Pode afirmar-se sem margem sensível de erro que só na sua “Viagem de Inverno” palpitam amargamente os fantasmas da nostalgia e do desespero melancólico, a plena certeza da proximidade da morte.

 

Notas

 

(1) Principalmente depois do filme “Amadeus” de Milos Forman, Salieri viu colada a si uma lenda absolutamente injusta de mediocridade.
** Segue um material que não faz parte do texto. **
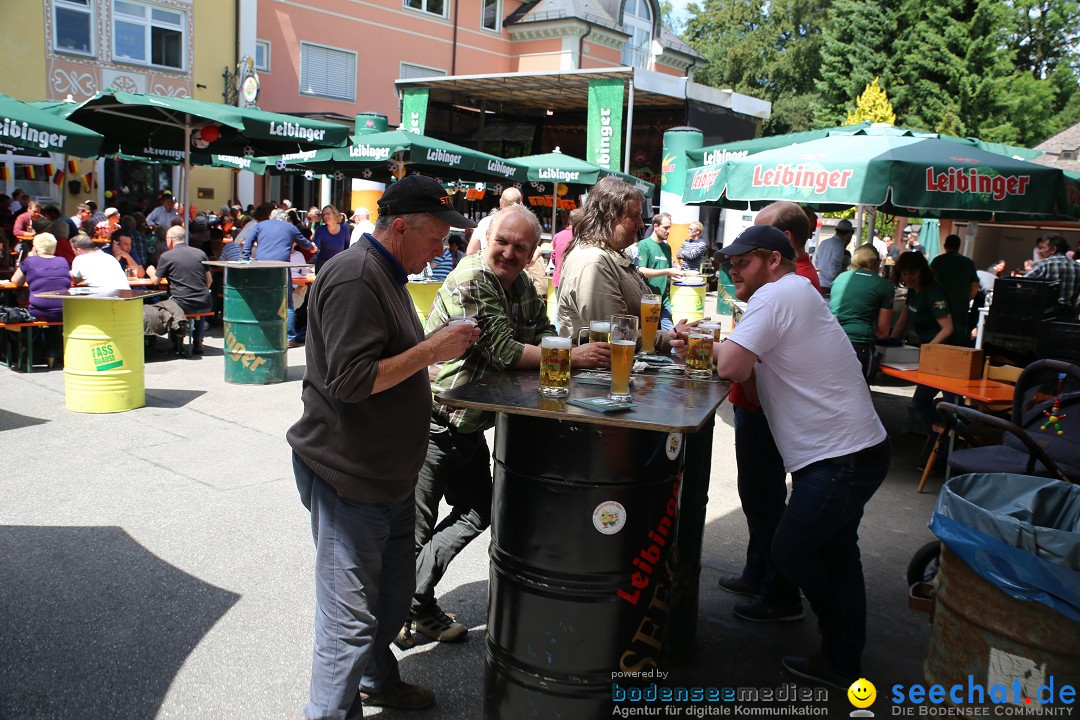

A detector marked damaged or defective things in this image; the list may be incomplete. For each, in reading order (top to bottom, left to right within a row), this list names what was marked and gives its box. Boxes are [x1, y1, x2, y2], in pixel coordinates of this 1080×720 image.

Aquilate-se do valor dessa lenda pela sua atitude quando foi presidente do júri que examinou Schubert: ao terminar a prova, ajoelhou-se perante ele e beijou-lhe as mãos. Mais: com Rueziezka, completou-lhe a educação artística e protegeu-o sempre que pôde.

 

(2) Schubert tinha muitos amigos, que devotadamente o acompanhavam nas famosas “schubertíadas” e em excursões pelas estalagens dos arredores que faziam jus à estima que lhe devotavam e à sua maneira de ser aberta e comunicativa. Pois logo a maldade dos bons burgueses de Viena tentou, caluniosamente, ver nisso uma característica de teor sexual em geral mal encarada pelos hipócritas pseudo-moralistas.